▶ Data extract
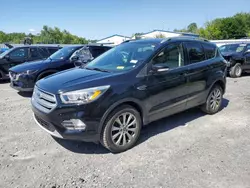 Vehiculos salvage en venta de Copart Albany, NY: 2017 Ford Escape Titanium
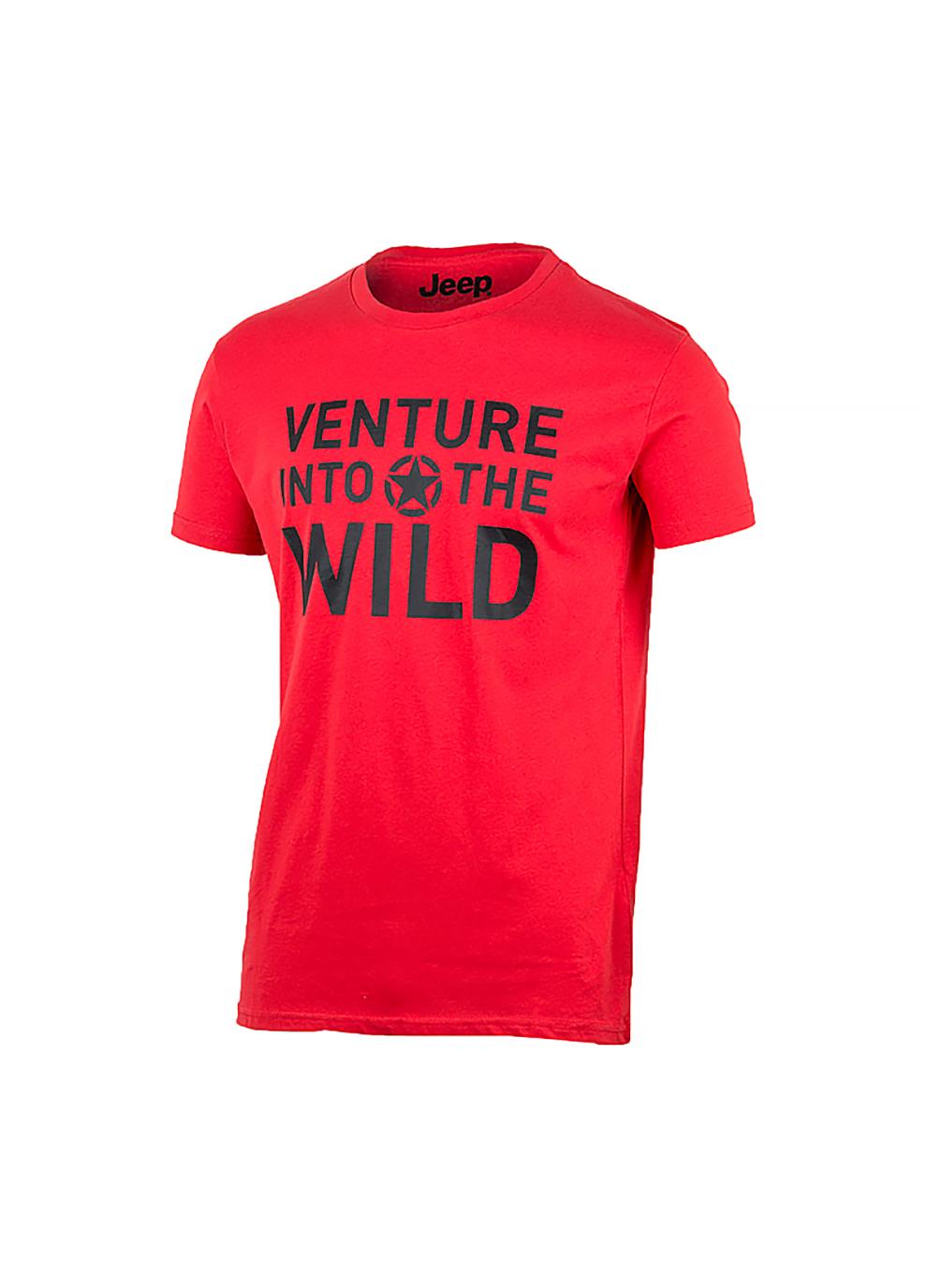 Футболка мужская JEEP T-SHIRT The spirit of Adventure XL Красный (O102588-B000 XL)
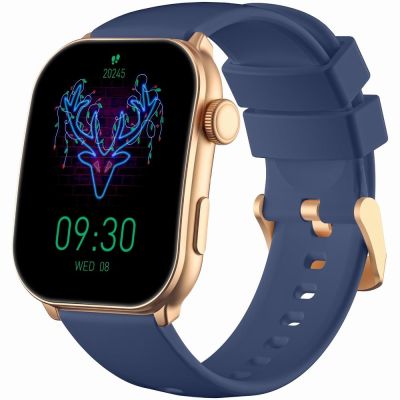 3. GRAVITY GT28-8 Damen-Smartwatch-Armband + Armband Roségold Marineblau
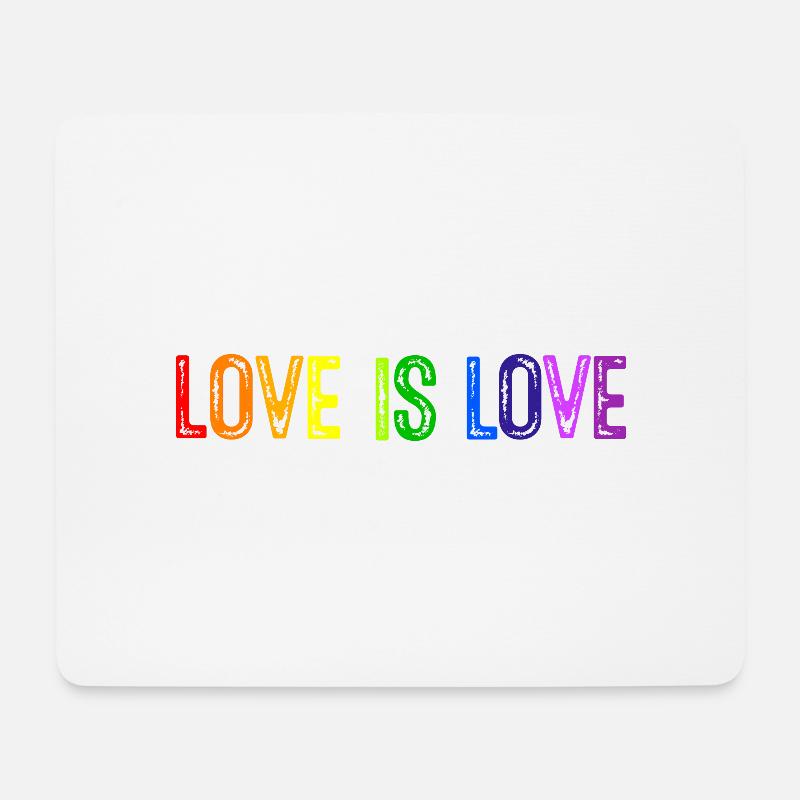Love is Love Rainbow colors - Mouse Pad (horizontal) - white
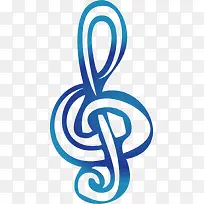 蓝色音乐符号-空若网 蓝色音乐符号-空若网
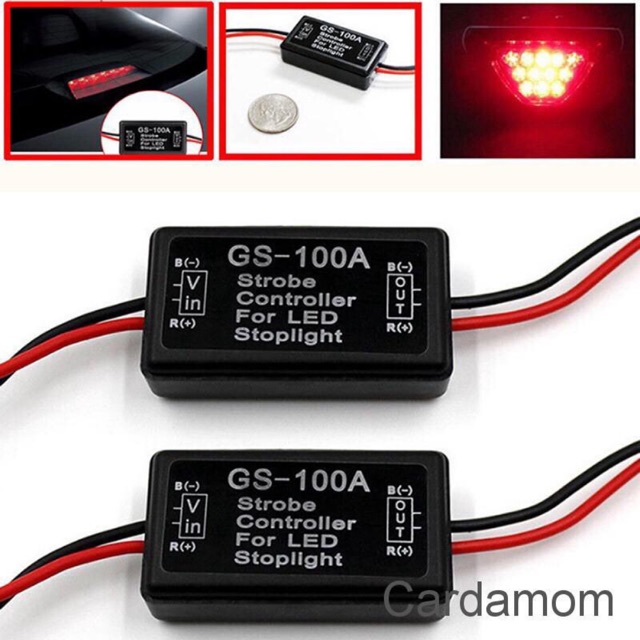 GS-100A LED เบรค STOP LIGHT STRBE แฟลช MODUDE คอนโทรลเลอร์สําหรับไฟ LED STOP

* * *

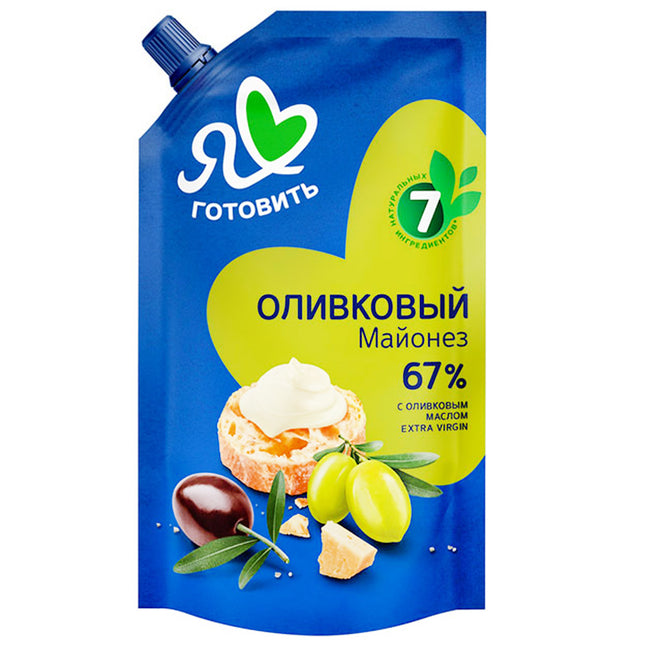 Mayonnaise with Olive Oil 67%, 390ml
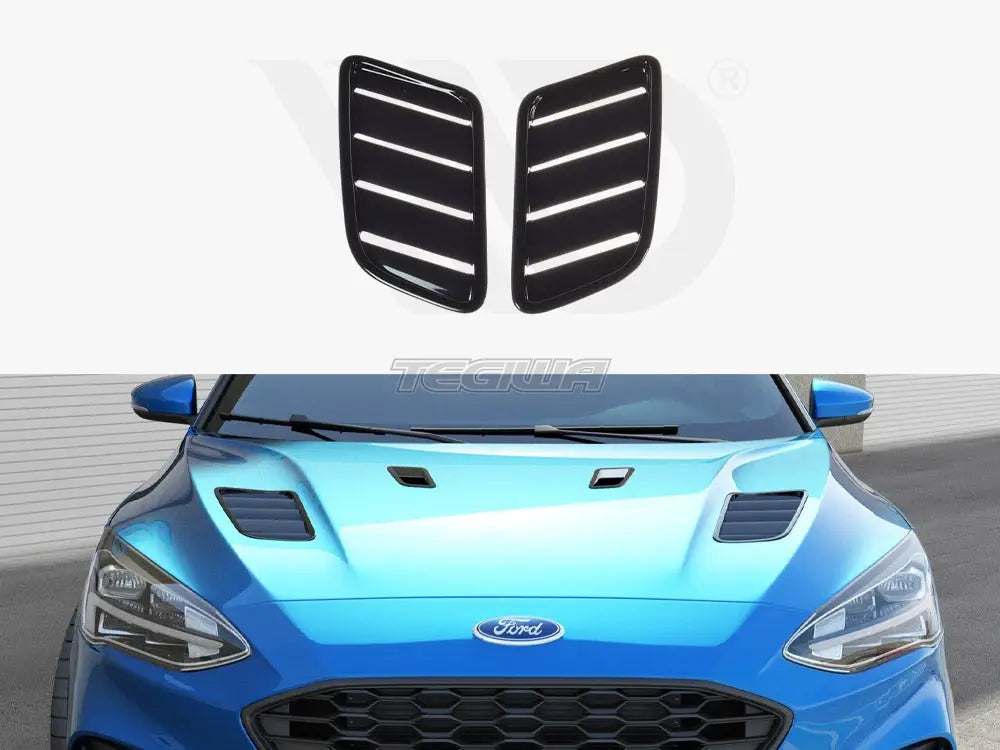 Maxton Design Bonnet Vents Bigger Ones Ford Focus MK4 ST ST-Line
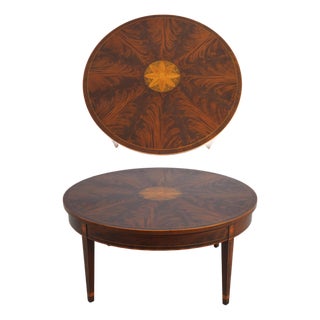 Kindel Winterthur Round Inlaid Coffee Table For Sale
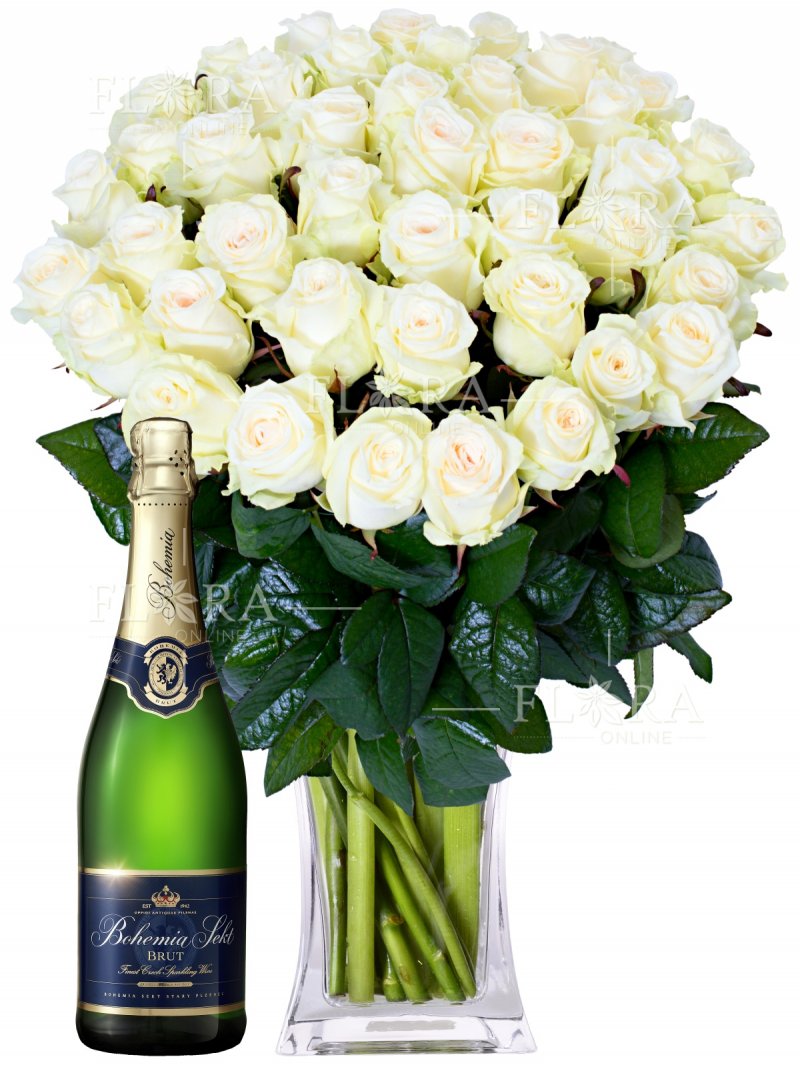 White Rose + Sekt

* * *

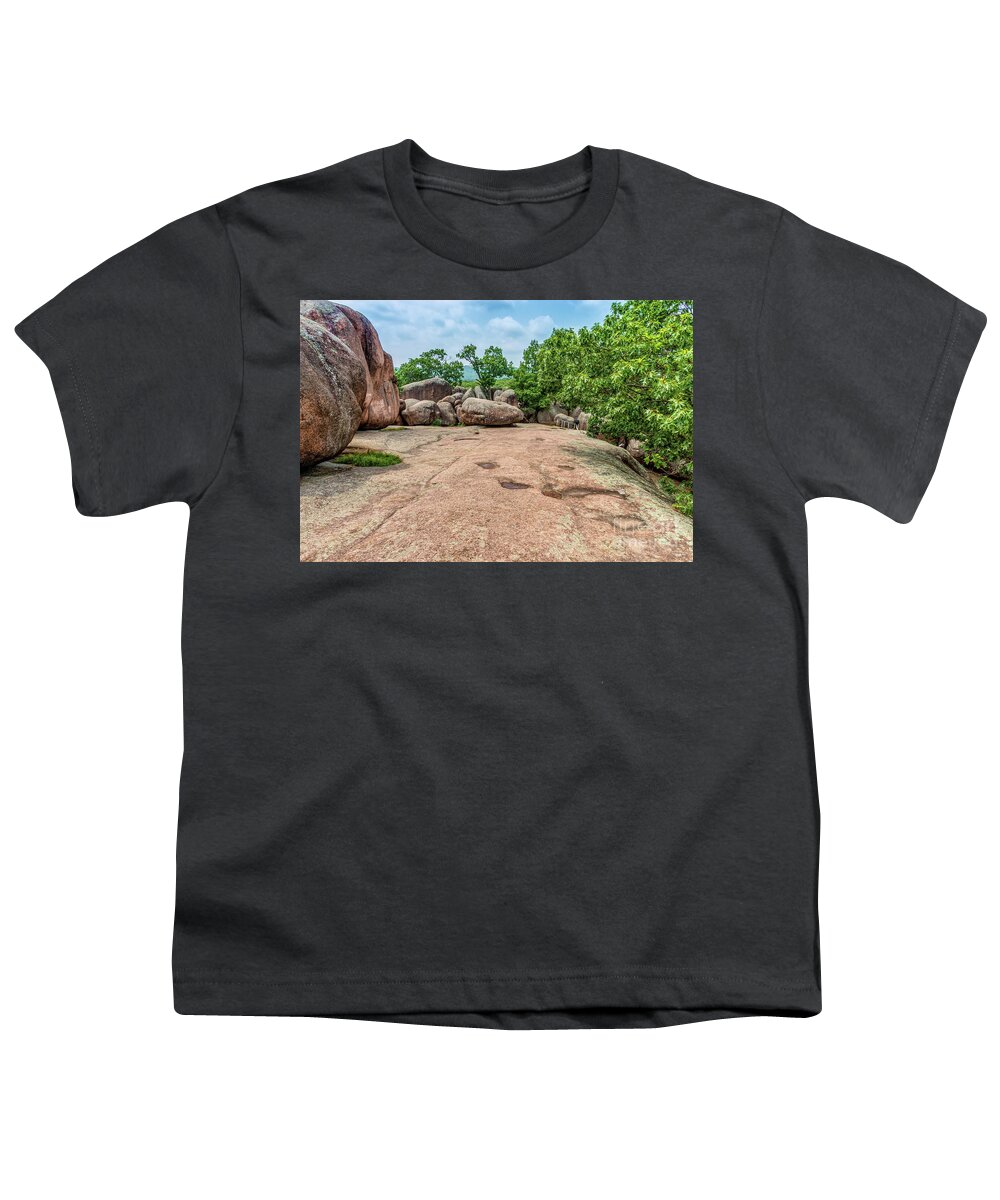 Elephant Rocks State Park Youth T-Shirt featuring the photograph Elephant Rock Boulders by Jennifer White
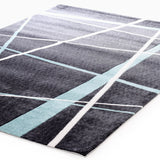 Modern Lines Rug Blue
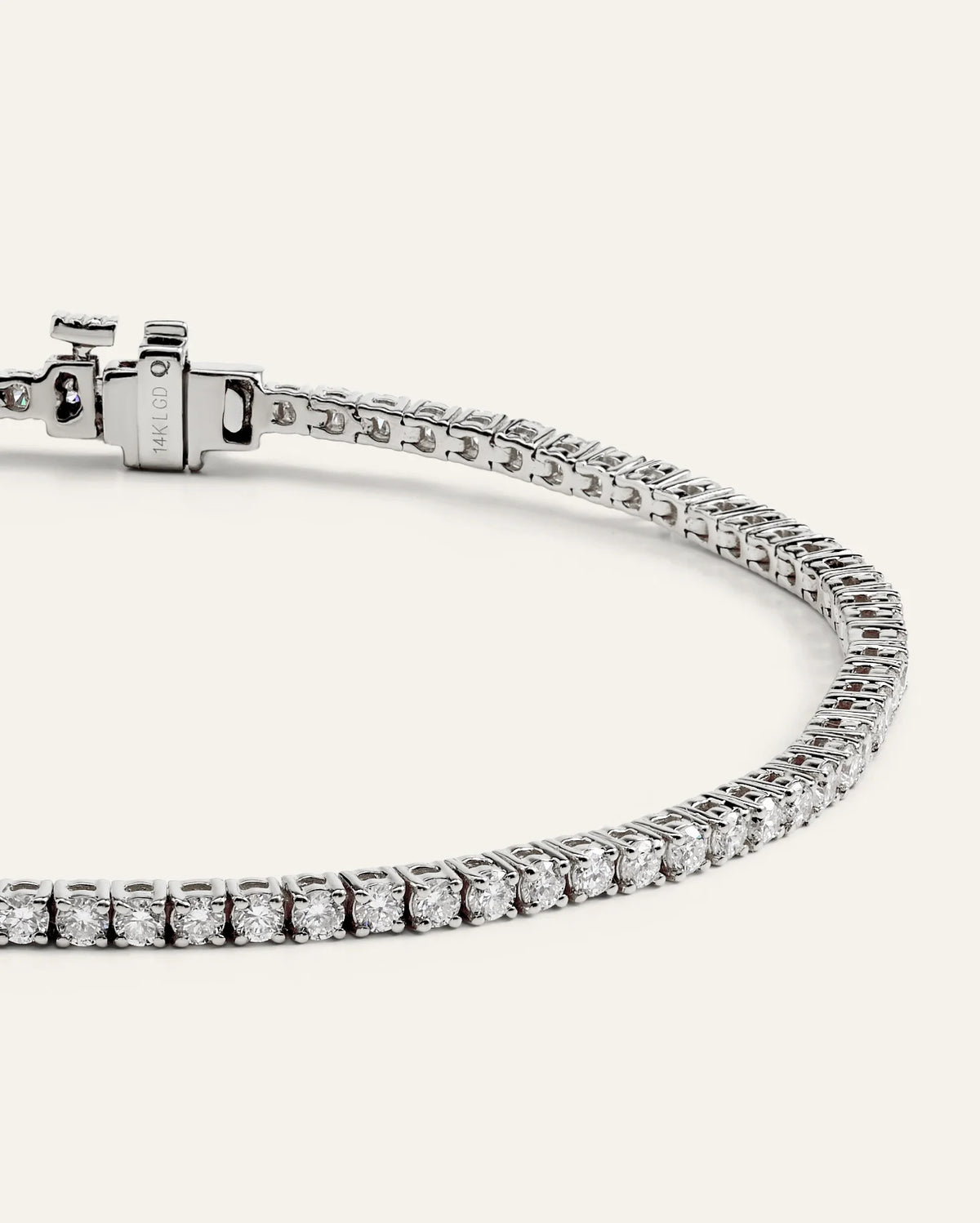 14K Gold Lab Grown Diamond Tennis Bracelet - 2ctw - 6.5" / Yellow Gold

▶ Brief
In the listing above, find the line containing "Vehiculos salvage en" and the line containing "GS-100A LED เบรค". Print those two lines and every line between them exactly, with no pictures.

▶ Task result
 Vehiculos salvage en venta de Copart Albany, NY: 2017 Ford Escape Titanium
 Футболка мужская JEEP T-SHIRT The spirit of Adventure XL Красный (O102588-B000 XL)
 3. GRAVITY GT28-8 Damen-Smartwatch-Armband + Armband Roségold Marineblau
Love is Love Rainbow colors - Mouse Pad (horizontal) - white
 蓝色音乐符号-空若网 蓝色音乐符号-空若网
 GS-100A LED เบรค STOP LIGHT STRBE แฟลช MODUDE คอนโทรลเลอร์สําหรับไฟ LED STOP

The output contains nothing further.